Starting with the line that holds "Leaf flags of", reproduce each line through the last one of the data, exactly as written. Pictures are not copied.

= Beginning of Section =

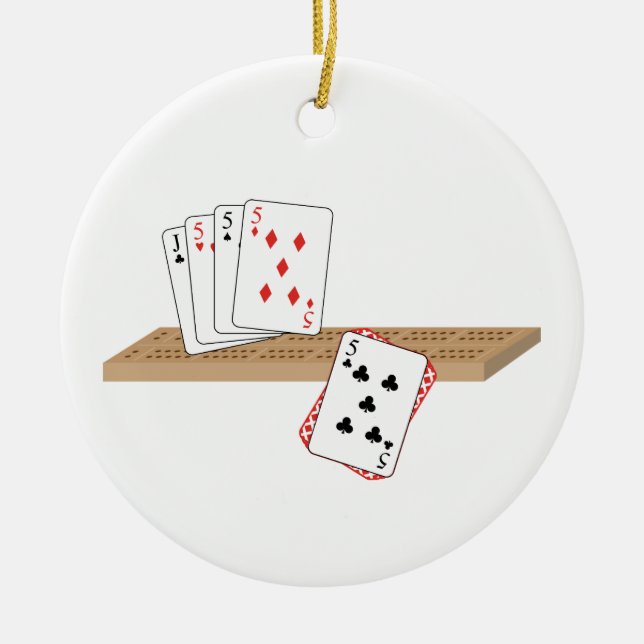 Cribbage Hand Ceramic Ornament (Framsidan)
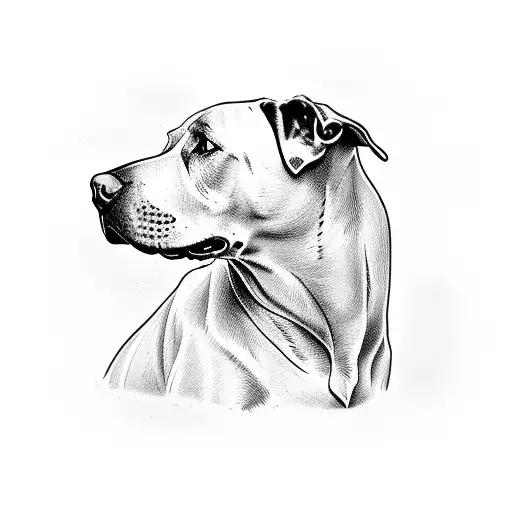  old pit bull sittingon the floor with blue eyes tattoo design idea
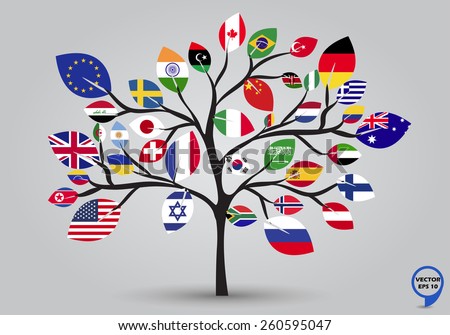 Leaf flags of the World in tree design. Vector illustration.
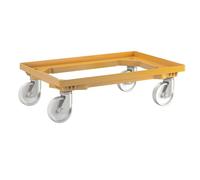 eurokraft | Plateau roulant professionnel | 600 x 400 mm | 4 roulettes pivotantes en polypropylène | jaune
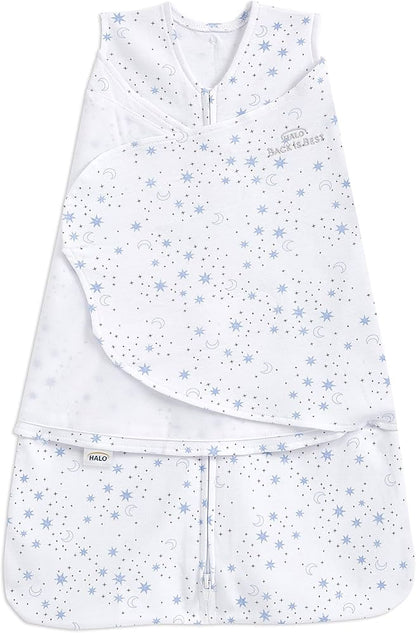 HALO Saco de dormir envolvente 100% algodón, manta vestible ajustable de 3 vías, TOG 1.5, azul lunas de medianoche, recién nacido, 0-3 meses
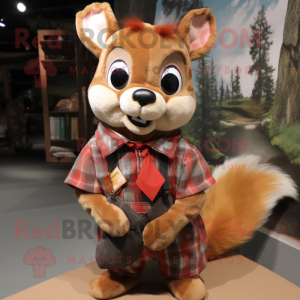 Rust Flying Squirrel mascot costume character dressed with a Flannel Shirt and Bow ties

= End of Section =

**SOLUTION TO THIS TASK**
 Leaf flags of the World in tree design. Vector illustration.
 eurokraft | Plateau roulant professionnel | 600 x 400 mm | 4 roulettes pivotantes en polypropylène | jaune
 HALO Saco de dormir envolvente 100% algodón, manta vestible ajustable de 3 vías, TOG 1.5, azul lunas de medianoche, recién nacido, 0-3 meses
 Rust Flying Squirrel mascot costume character dressed with a Flannel Shirt and Bow ties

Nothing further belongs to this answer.